All lines from the one containing "ORIS AQUIS green" through the end of the material are to be given back exactly, without pictures.

▶ **Supplied data**:
..........

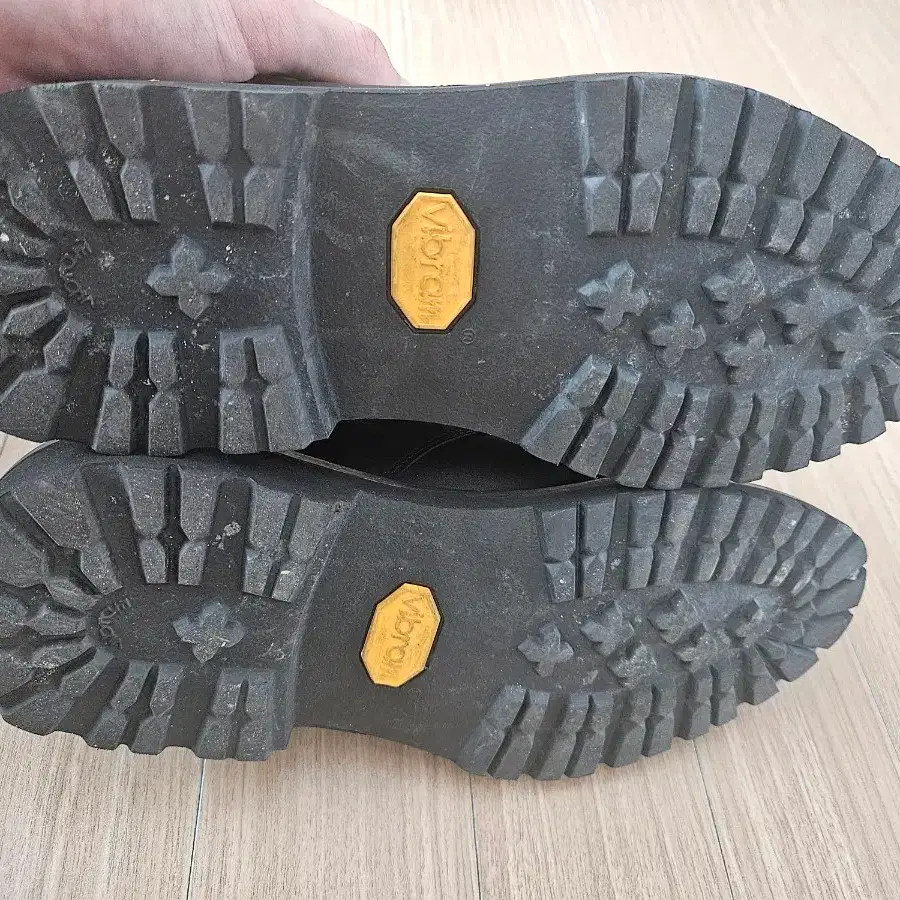 Keumkang Heritage Regal Derby 265EE on Bunjang Global Site.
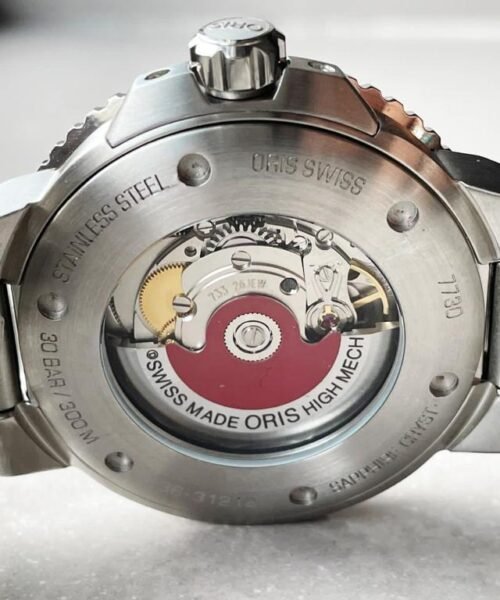ORIS AQUIS green face CERAMIC bezel SW200 SWISS movement - Image 13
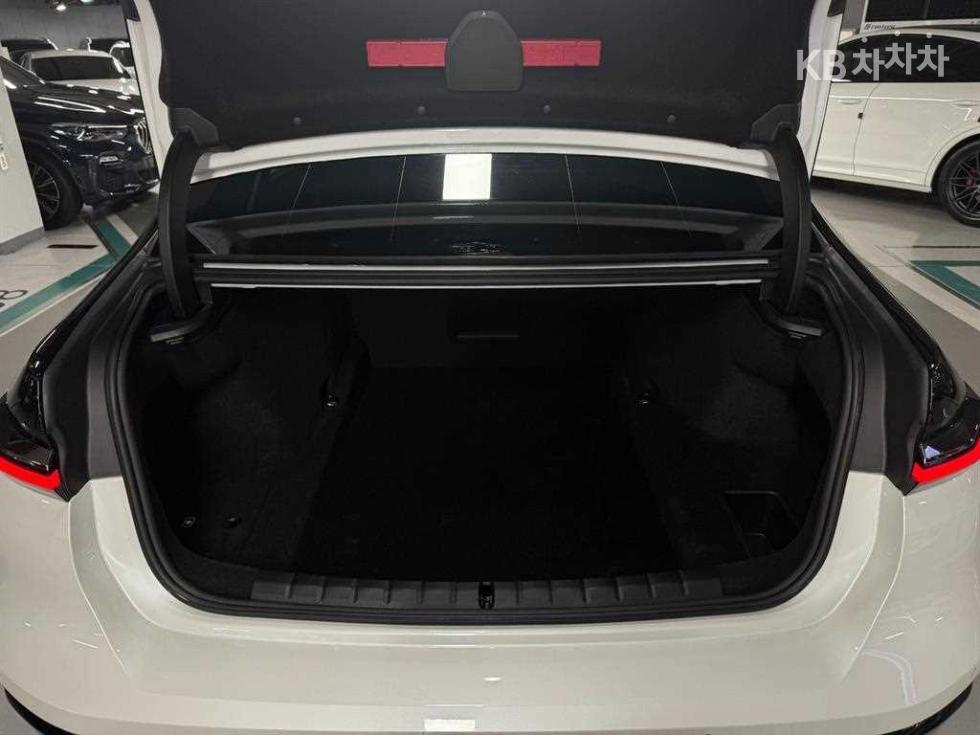 BMW 7er — miniaturë 19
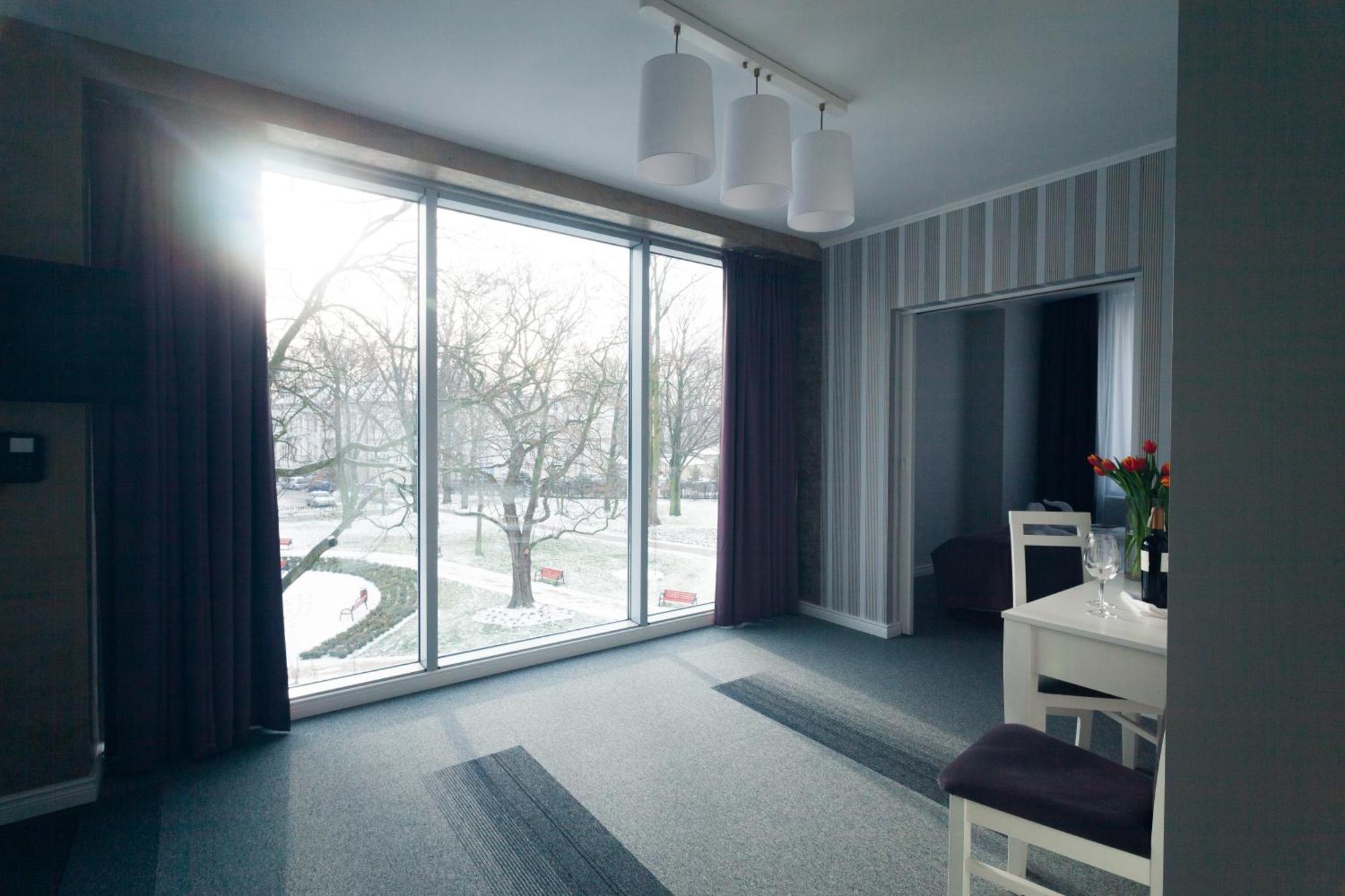 Hotel Pod Ratuszem Wieluń Esterno foto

..........

▶ **Solution**:
ORIS AQUIS green face CERAMIC bezel SW200 SWISS movement - Image 13
 BMW 7er — miniaturë 19
 Hotel Pod Ratuszem Wieluń Esterno foto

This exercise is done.